Goal of the exercise — Copy nothing but the lines from the line with "Multicolored ghosts on a dark background" to the end of the records, retyped exactly. Pictures stay out.

━━━━━ Records for the exercise ━━━━━

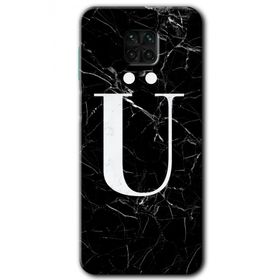 Xiaomi Redmi Note 9s Siyah Mermer Desenli Ü Harfi Baskılı Uyumlu Silikon Kılıf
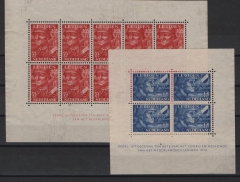 Niederlande, 1942, Legionsblöcke Nr.: 1 + 2 (*), Kabinettsatz! Selten!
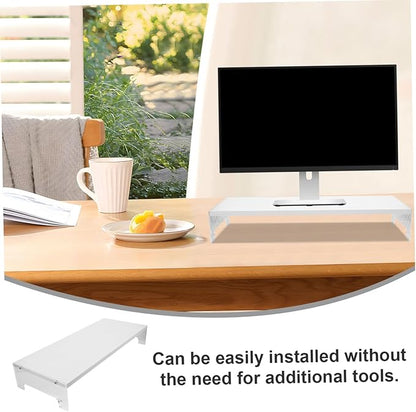 Mipcase Acrylic Monitor Stand Riser with Legs White Computer Lifting Rack for Desk Posture Improvement Neck Shoulder Relief Home Office Use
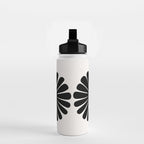 Retro Daisy Abstract I Black and White Bold Floral Water Bottle Gallery Image 2
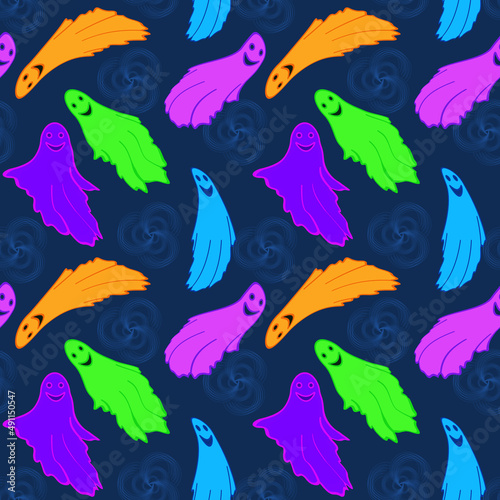 Multicolored ghosts on a dark background
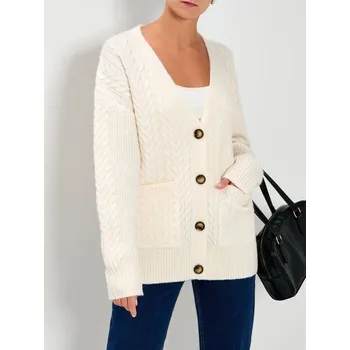 Dámský svetr Sinsay - Propínací svetr na knoflíky - krémová - 284GT-01X - 284GT-01X-L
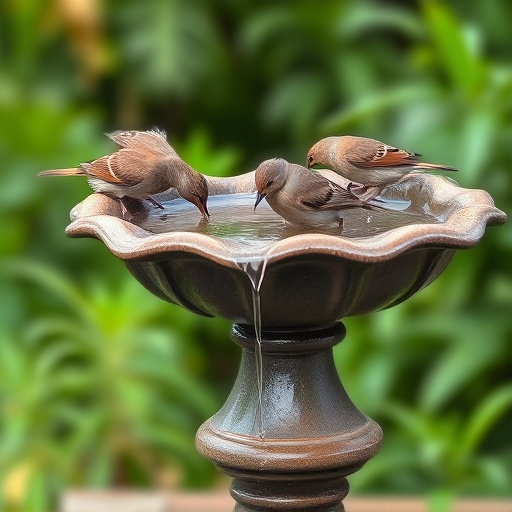 Birds drinking from clean bird bath
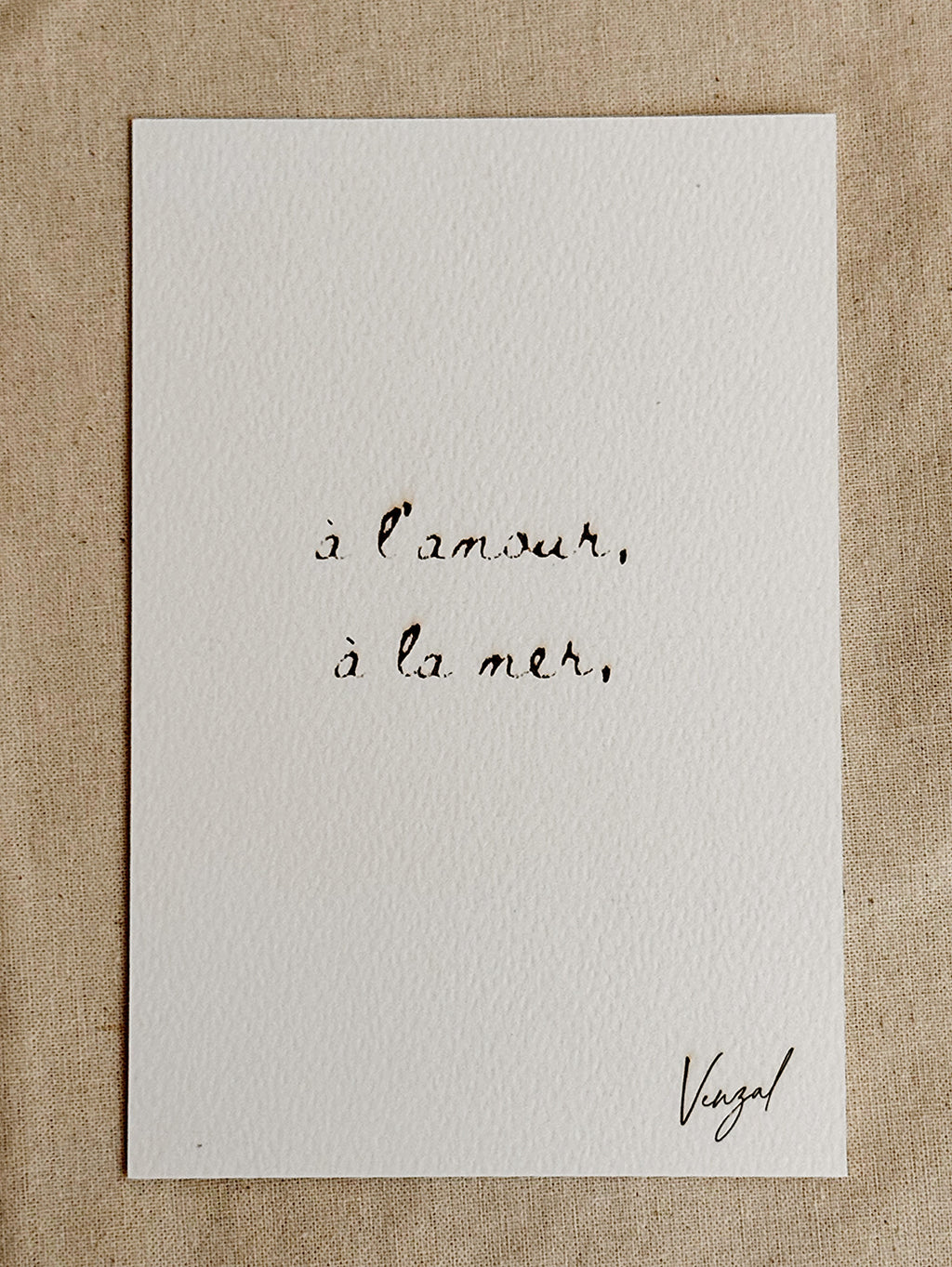 Carte poétique gravée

━━━━━

Response to the exercise —
 Multicolored ghosts on a dark background
 Dámský svetr Sinsay - Propínací svetr na knoflíky - krémová - 284GT-01X - 284GT-01X-L
 Birds drinking from clean bird bath
 Carte poétique gravée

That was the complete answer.